The United States will not be releasing any or all of its plan for Middle East peace before the September 17 elections in Israel, Donald Trump's special envoy to the Middle East, Jason Greenblatt, said Wednesday.
The plan, referred to by U.S. President Donald Trump as the "deal of the century" and developed by his son-in-law and senior adviser Jared Kushner, was scheduled to be revealed sometime this summer.
Those plans, however, were put on hold after Prime Minister Benjamin Netanyahu failed to form a coalition government following the April 9 national elections in Israel, leading to an unprecedented second vote within the same year.

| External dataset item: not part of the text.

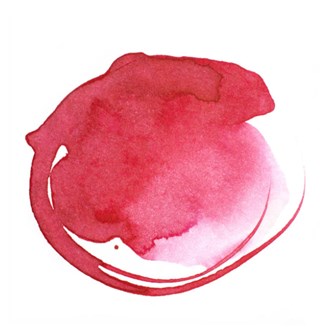 Liquitex Acrylic Ink 30 ml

We have decided that we will not be releasing the peace vision (or parts of it) prior to the Israeli election.— Jason D. Greenblatt (@jdgreenblatt45) August 28, 2019
The Twitter comment by Greenblatt comes just two days after Trump announced on the sidelines of the G7 summit in Biarritz, France on Monday that the plan may be revealed before the Israeli elections.
That claim contradicted Trump's own statement last week when he told reporters the long-delayed proposal would most likely be delayed until after the vote in Israel.
“We will probably wait for the release of the Middle East peace plan until after the Israeli elections,” Trump said at the time.
Kushner has long been involved in the Trump administration's plans for Middle East peace. In June, he spearheaded a two-day workshop in Bahrain aimed at building support for a program to combine private investment and support from regional governments to transform economically devastated Palestinian communities.
“My direct message to the Palestinians is that despite what those who have let you down in the past have told you, President Trump and America has not given up on you,” Kushner said at the conference. “This workshop is for you, and if this is executed correctly, it will lead to a better future for the Palestinian people: a future of dignity, prosperity and opportunity.”
Kushner’s audience in the tiny Gulf kingdom did not include any official Palestinian delegation. Israel, which will have to sign off on many of the proposal’s projects, was not invited to send any government officials, either.
Those who heard Kushner in person were Arab finance ministers, the heads of international financial organizations and global business executives and investors.